There still is some hope that the Royal Woodpecker (Campephilus principalis bardi) will some day fly in this forest. It is the most colourful out of the more than 100 species of woodpecker, seen for the last time in this forest in the 1980s and thought of as almost extinct. Among its fauna, there are the polychrome snail Polymita Picta, the almiqui, the parrot, the tocororo, the green woodpecker, and the Cuban tody; the manatee, and the smallest frog in the world of only 10 millimeters.
Virgin beaches, great rivers and forests, high biodiversity, and unique species: a true wonder of the Cuban and Caribbean nature.
Desembarco de Granma National Park
Located in the south of Granma province, in the east of Cuba, the Desembarco de Granma National Park occupies about 32,000 hectares of land on the western border of Sierra Maestra mountains. There one can appreciate the impressive sea terraces of Cabo Cruz, covered by robustious vegetation.
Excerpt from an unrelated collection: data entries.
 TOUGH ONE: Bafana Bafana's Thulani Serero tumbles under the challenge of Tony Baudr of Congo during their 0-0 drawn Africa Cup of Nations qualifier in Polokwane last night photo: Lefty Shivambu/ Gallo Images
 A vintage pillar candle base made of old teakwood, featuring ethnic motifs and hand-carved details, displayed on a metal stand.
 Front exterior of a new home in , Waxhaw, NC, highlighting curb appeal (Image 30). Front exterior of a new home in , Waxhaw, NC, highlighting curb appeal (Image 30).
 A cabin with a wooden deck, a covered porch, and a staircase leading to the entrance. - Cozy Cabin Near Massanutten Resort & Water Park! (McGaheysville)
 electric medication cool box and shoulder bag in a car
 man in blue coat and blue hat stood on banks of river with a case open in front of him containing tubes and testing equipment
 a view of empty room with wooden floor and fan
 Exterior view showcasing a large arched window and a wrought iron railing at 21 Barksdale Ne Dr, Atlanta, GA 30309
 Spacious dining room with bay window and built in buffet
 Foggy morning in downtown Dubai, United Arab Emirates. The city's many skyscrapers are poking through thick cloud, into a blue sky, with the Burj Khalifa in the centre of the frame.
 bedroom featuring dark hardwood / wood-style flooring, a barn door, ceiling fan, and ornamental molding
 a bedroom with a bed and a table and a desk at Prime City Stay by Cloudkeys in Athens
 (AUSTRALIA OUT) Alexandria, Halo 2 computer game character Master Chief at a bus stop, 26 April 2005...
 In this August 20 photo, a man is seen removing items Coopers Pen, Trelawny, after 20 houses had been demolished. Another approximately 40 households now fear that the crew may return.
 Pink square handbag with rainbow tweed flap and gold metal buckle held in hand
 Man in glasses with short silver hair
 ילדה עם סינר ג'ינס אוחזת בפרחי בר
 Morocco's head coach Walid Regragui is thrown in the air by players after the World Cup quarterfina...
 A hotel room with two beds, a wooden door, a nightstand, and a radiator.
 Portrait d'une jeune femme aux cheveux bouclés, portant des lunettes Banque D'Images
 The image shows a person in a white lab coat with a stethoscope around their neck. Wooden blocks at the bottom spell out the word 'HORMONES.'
Its system of sea terraces that submerge in and emerge from calcareous stone, best preserved in the world, has a great aesthetic and geological value. It extends for 40 kilometers and includes 20 terraces emerging from 0 to 360 meters above sea level. Some of the walls of these cliffs reach 100 meters in high whilst the submerged terraces reach 180 meters deep.
The cliffs, the vegetation, and the sea conform a unique scenery in an environment with a high level of preservation. There are plentiful caverns, caves, cavernous systems, and fluvial canyons.
One of its most well-known geographical features is the Hoyo de Monte (discovered by a French aviator in 1938), a huge cavern of 55 meters in diameter and 78 meters deep.